LIVE: Renaissance 50th Anniversary Tour @ The Hart Theatre at The Egg, 10/19/2019

Renaissance made a welcome return visit to the Hart theatre at the Egg last Saturday as part of their 50th anniversary tour. They last played the venue 2 years ago almost to the day, and were once again augmented by the ten piece “Renaissance Chamber Orchestra.” This works splendidly well, as Renaissance always were one of the most “classical” of the seventies era’s classic prog bands.

A few things differentiated Renaissance from their prog contemporaries:

  1. A female lead singer. Seventies prog was a bit of a boy’s club, and female vocalists were few and far between. Certainly there were few with Annie Haslam’s operatic range and grace.
  2. Piano as lead instrument. Prog bands were big on keyboards and the more the merrier. There seemed to be an ongoing competition as to who could have the biggest rig, stacks of keyboards teetering on either side of an invariably caped player. Not so Renaissance. Favoring actual orchestrations to provide color, John Tout of the seventies “classic” line up basically stuck to grand piano, essaying lengthy florid introductions and ornate solos to their lush tone poems.
    Current musical director Rave Tesar does a fine job of replicating these essential parts.
  3. The lack of electric guitar. Even though the seventies band had a guitarist (and primary composer) in Michael Dunford, he played strictly acoustic. Indeed pretty much the only lead electric guitar solo in the band’s entire repertoire – the soaring climax to traditional show closer “Ashes are burning” – was not even played by a member of Renaissance on the original album. Instead it was handled by Andy Powell, of then label mates Wishbone Ash. Tonight Mark Lambert sticks to the script, and only straps on an electric for a decent pass at that very same solo at the end of the performance.

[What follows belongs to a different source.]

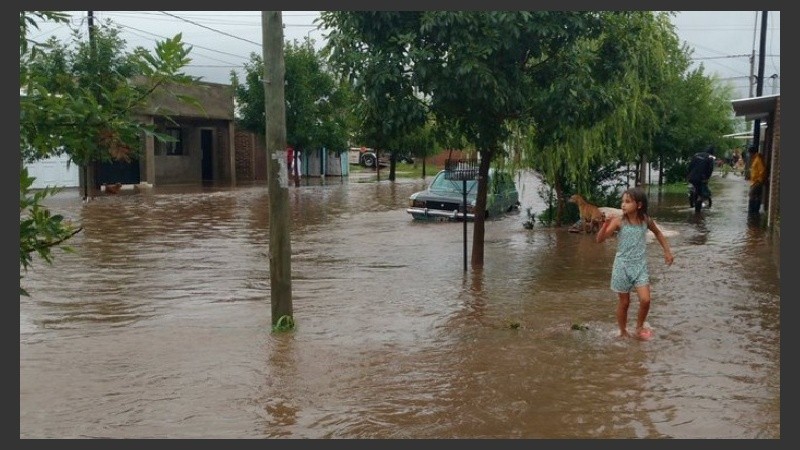Una nena camina por una vereda transformada en río, en Arroyo Seco.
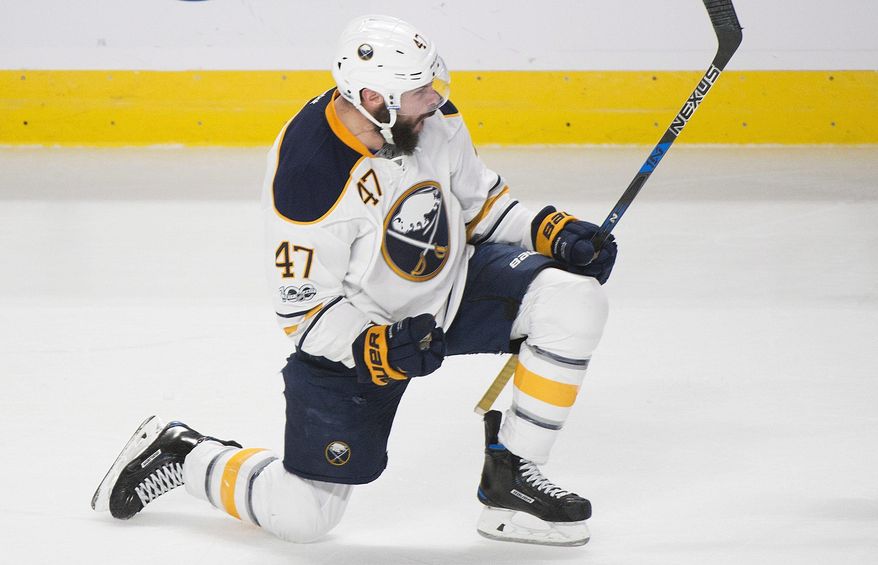 Buffalo Sabres' Zach Bogosian celebrates after scoring during overtime NHL hockey game action against the Montreal Canadiens in Montreal, Saturday, Jan. 21, 2017. (Graham Hughes/The Canadian Press via AP)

Renaissance were formed in 1969 by 2 members of the Yardbirds, but in an unprecedented move changed their entire line up just 2 years into their career. That’s right – the only thing that the band who recorded their second album and the one that recorded their third had in common was the band’s moniker. Which is why in greeting us Haslam quipped “Welcome to our 50th anniversary, 48th”.

Haslam is the only member of that classic line up still in place. She relocated to the States and put this version together in the early 2000’s with American musicians.

As well as Tesar and Lambert, the line up now comprises of drummer Frank Pagano, bass player Leo Traversa and second keyboardist Geoff Langley.

As mentioned the orchestra works perfectly, beautifully enhancing this stately and dramatic music.

Haslam is now in her early seventies, and to her credit, doesn’t duck the big notes and hits most of them. They also stick to the original arrangements, no slowing of tempos or lowering of octaves here, and this is very demanding on the vocalist. Consequently she does stray off pitch at times, for example audibly struggling with the escalating build up to the big chorus of “Mother Russia.”

It may be prudent to invest in a couple of backing vocalists to lighten Haslam’s load and to bolster the harmonies. The band members do attempt them, but their efforts I would charitably describe as “tentative.”

Still, these are minor quibbles, and the warm and appreciative audience showed no such misgivings, whooping their support and repeatedly springing to their feet as the band and Haslam deftly negotiated a well loved passage.

At times, when Annie’s voice soared, the band locked in, and the orchestra swelled gloriously, you could close your eyes and almost be transported back to those heady days of kaftans, loon pants and incense.

Set list : Carpet of the sun, Ocean Gypsy, Running Hard, Midas Man, Symphony of Light, Island Opening out, Day of the dreamer, The Mystic and the Muse, Mother Russia, A song for all seasons, Ashes are burning.